On March 2, 2025, Firefly Aerospace, a private company, successfully landed its probe on the Moon.
Decades ago, this would have been a global event, a symbol of national power. Today? Just another headline lost in the feed. The Moon has lost its geopolitical shine.
But that doesn’t mean the race is over. It has simply changed destinations.
If the great trophy of the 20th century was conquering space, in the 21st century, the new Moon is artificial intelligence. Whoever masters it doesn’t just lead markets—they control the algorithmocracy—a new global order where power no longer rests in governments or armies, but in algorithms.
The difference? This time, there is no finish line.
AI Won’t Have Its “Apollo 11” Moment
In the space race, victory was clear. Landing on the Moon was an undeniable milestone. In artificial intelligence, there is no “Apollo 11” moment. There is no final trophy—only speed and dominance.

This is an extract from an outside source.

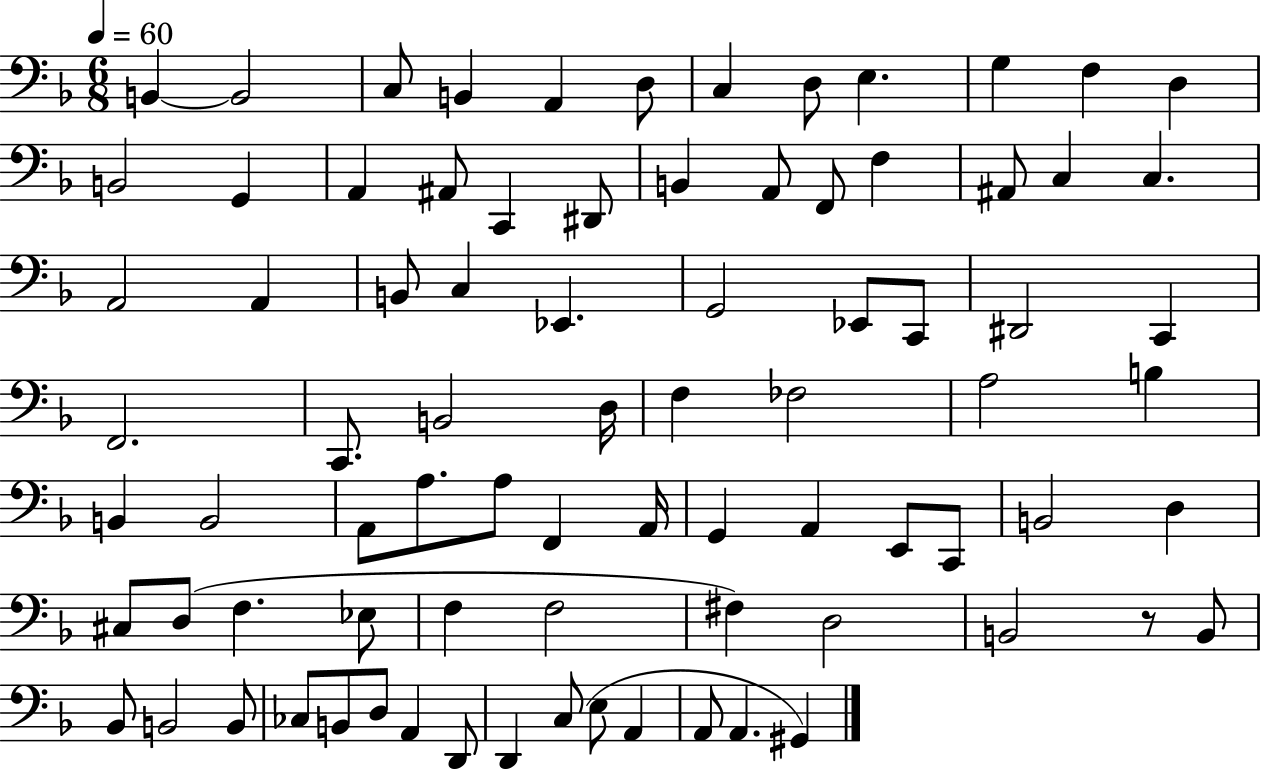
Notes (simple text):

B2/q B2/h C3/e B2/q A2/q D3/e C3/q D3/e E3/q. G3/q F3/q D3/q B2/h G2/q A2/q A#2/e C2/q D#2/e B2/q A2/e F2/e F3/q A#2/e C3/q C3/q. A2/h A2/q B2/e C3/q Eb2/q. G2/h Eb2/e C2/e D#2/h C2/q F2/h. C2/e. B2/h D3/s F3/q FES3/h A3/h B3/q B2/q B2/h A2/e A3/e. A3/e F2/q A2/s G2/q A2/q E2/e C2/e B2/h D3/q C#3/e D3/e F3/q. Eb3/e F3/q F3/h F#3/q D3/h B2/h R/e B2/e Bb2/e B2/h B2/e CES3/e B2/e D3/e A2/q D2/e D2/q C3/e E3/e A2/q A2/e A2/q. G#2/q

If there’s a first major milestone, it might be total automation, when AIs don’t just execute tasks but make strategic decisions without human intervention. Or maybe the real breakthrough will be an autonomous AI, capable of learning, evolving, and adapting on its own.
When that happens, the question won’t be “Who controls AI?” but rather “Does AI even need to be controlled?”
Who Controls AI, Controls the Algorithmocracy
If power once lay in oil, today it lies in data and computing power. And the race is already underway:
- Chips and supercomputing – Nvidia leads, China fights to free itself from Western dependence, governments compete for digital sovereignty.
- Data infrastructure – Amazon, Microsoft, and Google are building invisible empires, while nations struggle to secure their cyber domains.
- Regulation and control – Europe tries to impose limits, the US speeds ahead, and China uses AI for surveillance and state power.
There is no fair play here. There is no final trophy. The question isn’t who gets there first, but who sets the rules while the game is being played.
And today, those rules are no longer written by politicians. They are defined by code and algorithms.
Where Are We Racing To?
When Armstrong stepped onto the Moon, the world knew exactly what it meant. When AI reaches its own “Moon,” what will really change?
If AI remains just a tool, those who own it will rule the world. But what if it isn’t just a tool? What if, one day, AI itself sets the rules?
The algorithmocracy isn’t the future. It has already begun.